Specifically, the first claim in US patent 6,258,540 recited:

A method for detecting a paternally inherited nucleic acid of fetal origin performed on a maternal serum or plasma sample from a pregnant female, which method comprises: amplifying a paternally inherited nucleic acid from the serum or plasma sample and detecting the presence of a paternally inherited nucleic acid of fetal origin in the sample.

In comparison, the first claim of the Australian patent 727919 recited:

A detection method performed on a maternal serum or plasma sample from a pregnant female, which method comprises detecting the presence of a nucleic acid of foetal origin in the sample.

Ariosa entered the market in the United States in 2012 with a non-invasive prenatal test marketed under the name Harmony™. This test was in competition with Sequenom’s MaterniT21™ test which had entered the market in 2011. The Harmony™ test was subsequently licensed into Australia in 2015.

In 2013 the District Court for the Northern District of California[vi] considered if Ariosa’s Harmony™ test infringed Sequenom’s licensed US patent. This was further considered by the Federal Circuit Court in 2015[vii]. Ultimately, it was determined that in view of the test set forth in Mayo, the claims of Sequenom’s patent were not directed to patent-eligible subject matter, and consequently the claims were not enforceable.
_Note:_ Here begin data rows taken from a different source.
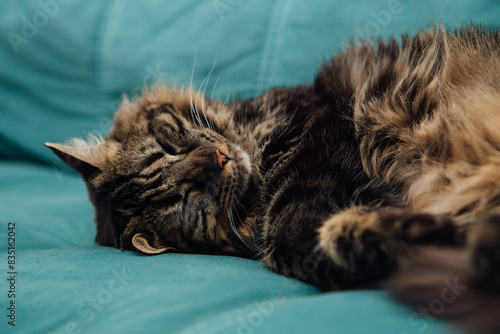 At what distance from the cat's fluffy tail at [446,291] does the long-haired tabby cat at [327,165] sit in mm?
33

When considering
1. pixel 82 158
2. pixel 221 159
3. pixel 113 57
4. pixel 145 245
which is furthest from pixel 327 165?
pixel 113 57

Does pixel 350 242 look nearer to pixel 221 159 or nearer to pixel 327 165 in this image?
pixel 327 165

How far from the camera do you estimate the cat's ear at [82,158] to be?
1320 mm

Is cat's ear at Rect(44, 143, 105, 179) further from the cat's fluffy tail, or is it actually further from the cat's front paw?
the cat's fluffy tail

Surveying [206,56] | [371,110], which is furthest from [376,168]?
[206,56]

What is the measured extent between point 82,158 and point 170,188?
342 millimetres

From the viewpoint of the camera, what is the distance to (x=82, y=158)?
4.35 ft

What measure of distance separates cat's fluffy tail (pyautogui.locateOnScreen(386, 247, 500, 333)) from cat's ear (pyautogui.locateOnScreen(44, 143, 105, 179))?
101 centimetres

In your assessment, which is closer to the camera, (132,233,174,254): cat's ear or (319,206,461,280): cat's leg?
(319,206,461,280): cat's leg

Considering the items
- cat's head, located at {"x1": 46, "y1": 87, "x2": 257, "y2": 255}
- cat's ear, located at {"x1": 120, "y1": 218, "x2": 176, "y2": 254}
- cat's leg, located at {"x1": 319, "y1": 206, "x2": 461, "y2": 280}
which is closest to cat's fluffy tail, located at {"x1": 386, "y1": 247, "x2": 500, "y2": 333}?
cat's leg, located at {"x1": 319, "y1": 206, "x2": 461, "y2": 280}

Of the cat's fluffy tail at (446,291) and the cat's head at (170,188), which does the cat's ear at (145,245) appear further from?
the cat's fluffy tail at (446,291)

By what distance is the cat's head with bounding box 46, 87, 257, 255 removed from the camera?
1.24 metres

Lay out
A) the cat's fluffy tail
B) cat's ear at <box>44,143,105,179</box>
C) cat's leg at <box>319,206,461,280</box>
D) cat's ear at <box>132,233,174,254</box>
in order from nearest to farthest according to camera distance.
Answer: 1. the cat's fluffy tail
2. cat's leg at <box>319,206,461,280</box>
3. cat's ear at <box>132,233,174,254</box>
4. cat's ear at <box>44,143,105,179</box>

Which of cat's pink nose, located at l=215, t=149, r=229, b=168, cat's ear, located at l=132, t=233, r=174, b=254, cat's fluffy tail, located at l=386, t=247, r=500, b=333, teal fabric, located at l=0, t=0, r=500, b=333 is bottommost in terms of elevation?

In arriving at this decision the Court considered that the claims failed to encompass substantially more than a natural phenomenon, being the existence of cell-free fetal DNA in maternal blood.
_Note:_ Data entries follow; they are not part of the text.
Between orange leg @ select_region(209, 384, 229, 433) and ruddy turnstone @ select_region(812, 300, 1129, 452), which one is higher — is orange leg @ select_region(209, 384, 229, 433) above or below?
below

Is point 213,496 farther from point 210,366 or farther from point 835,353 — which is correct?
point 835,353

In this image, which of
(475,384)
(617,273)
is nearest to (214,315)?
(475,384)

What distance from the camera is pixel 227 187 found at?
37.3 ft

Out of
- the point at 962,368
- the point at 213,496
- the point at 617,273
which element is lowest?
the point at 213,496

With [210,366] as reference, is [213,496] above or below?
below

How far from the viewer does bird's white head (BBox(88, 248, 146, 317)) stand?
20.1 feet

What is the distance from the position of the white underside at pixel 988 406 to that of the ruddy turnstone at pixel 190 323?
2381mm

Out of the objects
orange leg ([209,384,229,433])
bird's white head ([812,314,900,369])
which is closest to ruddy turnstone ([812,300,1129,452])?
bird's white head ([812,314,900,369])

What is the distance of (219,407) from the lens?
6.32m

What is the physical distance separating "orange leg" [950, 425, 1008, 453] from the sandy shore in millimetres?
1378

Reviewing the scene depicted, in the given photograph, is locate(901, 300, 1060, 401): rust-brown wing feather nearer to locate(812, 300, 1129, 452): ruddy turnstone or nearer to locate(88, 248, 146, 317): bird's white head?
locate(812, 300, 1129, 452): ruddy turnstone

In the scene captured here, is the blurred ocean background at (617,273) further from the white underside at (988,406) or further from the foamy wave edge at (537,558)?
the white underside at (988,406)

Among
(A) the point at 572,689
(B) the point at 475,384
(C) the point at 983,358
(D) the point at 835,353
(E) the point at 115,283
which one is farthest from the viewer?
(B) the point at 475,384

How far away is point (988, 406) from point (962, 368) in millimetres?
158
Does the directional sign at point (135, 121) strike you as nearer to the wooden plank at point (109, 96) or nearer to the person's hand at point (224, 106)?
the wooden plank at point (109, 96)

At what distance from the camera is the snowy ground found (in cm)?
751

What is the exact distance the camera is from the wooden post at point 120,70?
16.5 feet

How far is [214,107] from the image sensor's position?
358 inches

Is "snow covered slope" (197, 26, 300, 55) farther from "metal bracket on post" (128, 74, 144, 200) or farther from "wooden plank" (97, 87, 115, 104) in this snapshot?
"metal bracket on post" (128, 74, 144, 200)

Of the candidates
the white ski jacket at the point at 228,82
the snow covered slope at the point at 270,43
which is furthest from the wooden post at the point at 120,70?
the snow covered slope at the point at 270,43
Sequenom v Ariosa in Australia

In 2016, Sequenom commenced proceedings in the Federal Court of Australia alleging infringement of their Australian patent by Ariosa and its Australian licensees, while Ariosa cross-claimed for invalidity of the patent on several grounds, including that the claims were not directed to patent eligible subject matter.
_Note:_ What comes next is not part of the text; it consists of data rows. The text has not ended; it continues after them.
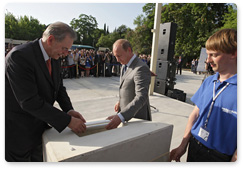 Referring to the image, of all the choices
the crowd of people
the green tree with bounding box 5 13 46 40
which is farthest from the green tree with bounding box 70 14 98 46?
the crowd of people

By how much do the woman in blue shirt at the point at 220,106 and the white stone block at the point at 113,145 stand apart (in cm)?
31

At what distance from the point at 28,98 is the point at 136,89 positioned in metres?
1.05

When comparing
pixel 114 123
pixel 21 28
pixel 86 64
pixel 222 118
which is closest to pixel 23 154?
pixel 114 123

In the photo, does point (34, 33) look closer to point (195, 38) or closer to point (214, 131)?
point (195, 38)

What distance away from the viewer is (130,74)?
5.98 feet

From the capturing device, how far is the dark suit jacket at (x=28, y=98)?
107 cm

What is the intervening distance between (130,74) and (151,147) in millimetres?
887

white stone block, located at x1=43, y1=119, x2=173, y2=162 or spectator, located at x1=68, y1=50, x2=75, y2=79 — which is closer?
white stone block, located at x1=43, y1=119, x2=173, y2=162

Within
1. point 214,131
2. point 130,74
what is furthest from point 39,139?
point 214,131

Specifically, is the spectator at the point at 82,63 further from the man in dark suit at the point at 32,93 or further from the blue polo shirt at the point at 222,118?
the blue polo shirt at the point at 222,118

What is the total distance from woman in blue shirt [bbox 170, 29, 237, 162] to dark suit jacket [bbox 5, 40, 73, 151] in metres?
1.11

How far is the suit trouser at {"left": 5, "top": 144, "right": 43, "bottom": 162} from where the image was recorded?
1265 millimetres

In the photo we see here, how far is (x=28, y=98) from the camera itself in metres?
1.07

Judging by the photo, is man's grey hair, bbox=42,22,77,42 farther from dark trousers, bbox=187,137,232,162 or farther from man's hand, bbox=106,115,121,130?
dark trousers, bbox=187,137,232,162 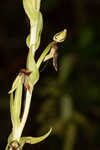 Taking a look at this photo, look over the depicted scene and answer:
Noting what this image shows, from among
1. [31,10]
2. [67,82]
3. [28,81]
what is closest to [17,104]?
[28,81]

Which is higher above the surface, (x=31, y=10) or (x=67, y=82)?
(x=31, y=10)

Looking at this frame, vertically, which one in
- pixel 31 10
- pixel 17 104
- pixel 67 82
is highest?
pixel 31 10

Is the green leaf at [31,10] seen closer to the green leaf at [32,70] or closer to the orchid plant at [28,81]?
the orchid plant at [28,81]

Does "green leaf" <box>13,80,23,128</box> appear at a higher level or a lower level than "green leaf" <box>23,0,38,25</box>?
lower

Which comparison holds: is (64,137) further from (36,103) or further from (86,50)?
(36,103)

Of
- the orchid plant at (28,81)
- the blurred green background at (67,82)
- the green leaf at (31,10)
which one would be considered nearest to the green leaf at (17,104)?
the orchid plant at (28,81)

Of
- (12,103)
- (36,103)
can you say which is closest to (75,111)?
(36,103)

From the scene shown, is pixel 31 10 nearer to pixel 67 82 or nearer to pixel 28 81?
pixel 28 81

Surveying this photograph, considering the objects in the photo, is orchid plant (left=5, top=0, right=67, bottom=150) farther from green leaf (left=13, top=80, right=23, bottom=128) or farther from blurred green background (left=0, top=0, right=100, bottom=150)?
blurred green background (left=0, top=0, right=100, bottom=150)

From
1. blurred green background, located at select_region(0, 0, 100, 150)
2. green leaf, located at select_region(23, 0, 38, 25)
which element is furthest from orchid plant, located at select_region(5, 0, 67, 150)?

In assessing if the claims in Sequenom’s Australian patent were directed to patent eligible subject matter the Court considered Myriad which directed analysis of what forms the “substance” of the claim. In essence the Court was asked to consider if the substance of the claims in Sequenom’s Australian patent was merely the discovery of a natural phenomenon, being the existence of fetal nucleic acids in the maternal circulatory system. Further, it was put to the Court that the claims merely resulted in information only and there was no ‘artificially created state of affairs’[viii], which has been a cornerstone of determining patent eligible subject matter since the NRDC decision in 1952[ix].

This argument was comparable to that affirmed in the equivalent litigation in the United States. In other words, Ariosa argued that due to the harmonious position taken between the Australian and the United States’ highest courts with regard to Myriad, Australia should similarly adopt the position of the US with regard to the diagnostic claims in Sequenom’s Australian patent[x].

Ultimately, the Court rejected Ariosa’s arguments, and determined that the detection of cell-free fetal DNA inherently involved human interaction and was therefore an ‘artificially created state of affairs’[xi]. The court concluded that Sequenom’s patent claimed a new and inventive application of the discovery of cell-free fetal DNA, and required human action to detect a DNA sequence of fetal, rather than maternal, origin.